[INSTRUCTIONS FOR THE TASK]
Reproduce exactly the first line of the material below and every line after it, ending with the line that contains "The Psycho Bunny". No pictures should be copied.

[STORED DATA]
-=-=-

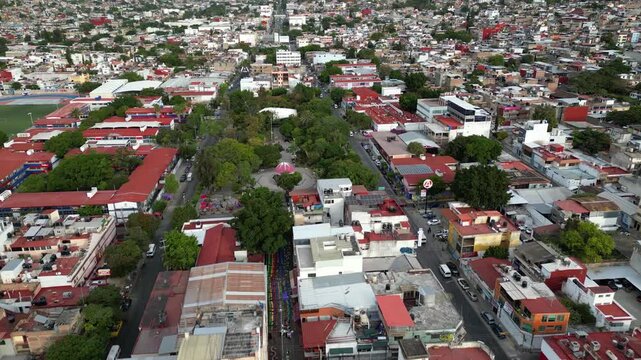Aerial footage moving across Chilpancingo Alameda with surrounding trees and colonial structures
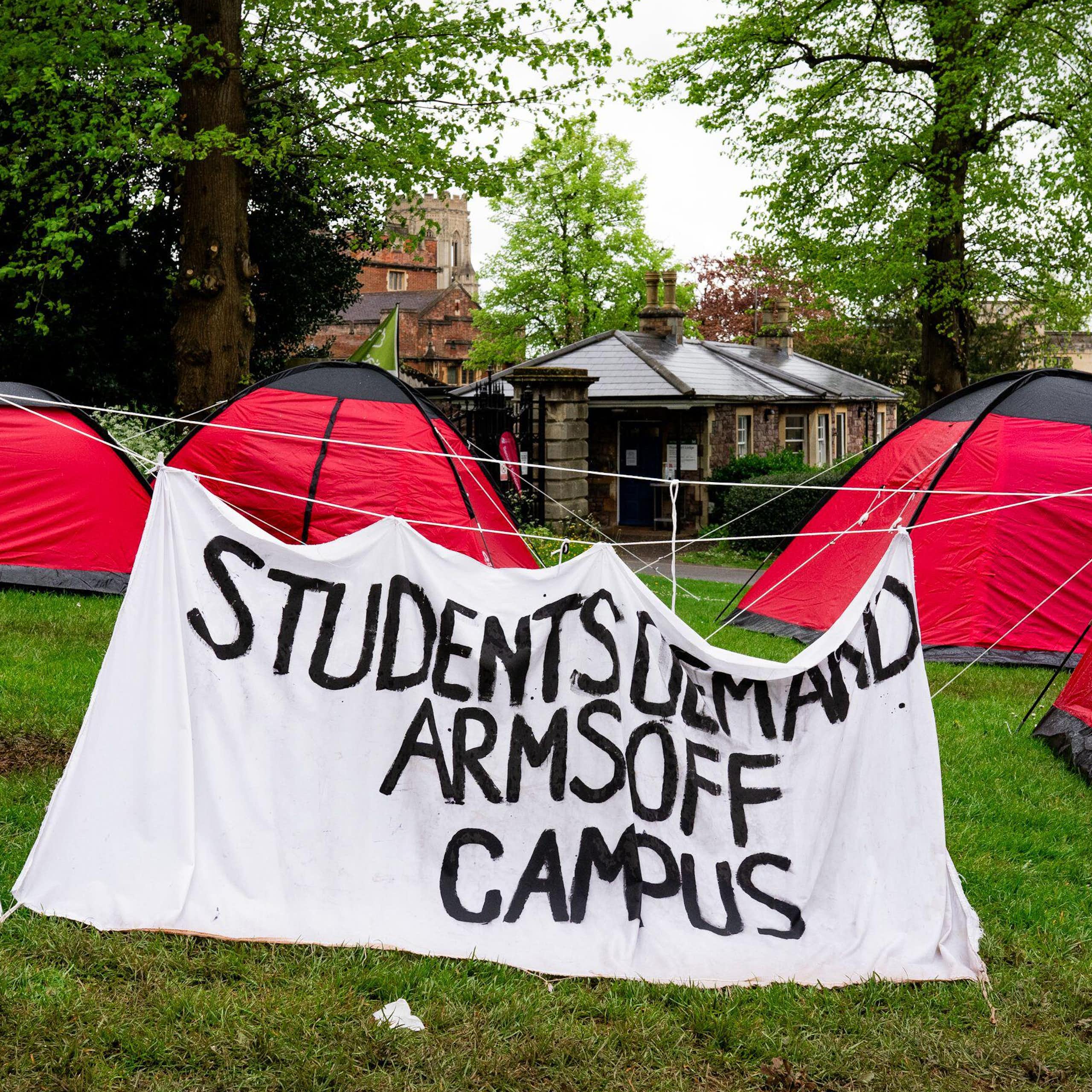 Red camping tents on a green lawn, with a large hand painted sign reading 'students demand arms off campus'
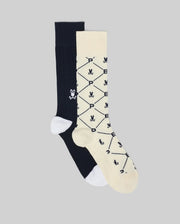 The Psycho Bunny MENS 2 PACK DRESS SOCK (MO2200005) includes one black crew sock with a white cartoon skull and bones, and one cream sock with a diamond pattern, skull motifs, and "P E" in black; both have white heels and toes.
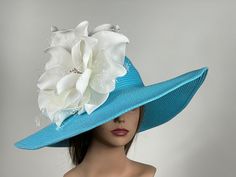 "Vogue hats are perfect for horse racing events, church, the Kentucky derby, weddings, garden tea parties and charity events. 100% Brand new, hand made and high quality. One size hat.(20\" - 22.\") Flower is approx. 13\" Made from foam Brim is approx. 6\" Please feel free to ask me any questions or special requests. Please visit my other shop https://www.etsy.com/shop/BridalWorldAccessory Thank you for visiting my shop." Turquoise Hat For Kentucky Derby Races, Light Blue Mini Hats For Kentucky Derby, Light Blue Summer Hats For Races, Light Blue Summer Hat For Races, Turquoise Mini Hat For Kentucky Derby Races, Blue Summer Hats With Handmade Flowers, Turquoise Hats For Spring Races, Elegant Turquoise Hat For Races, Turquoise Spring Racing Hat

-=-=-

[YOUR SOLUTION]
Aerial footage moving across Chilpancingo Alameda with surrounding trees and colonial structures
 Red camping tents on a green lawn, with a large hand painted sign reading 'students demand arms off campus'
 The Psycho Bunny MENS 2 PACK DRESS SOCK (MO2200005) includes one black crew sock with a white cartoon skull and bones, and one cream sock with a diamond pattern, skull motifs, and "P E" in black; both have white heels and toes.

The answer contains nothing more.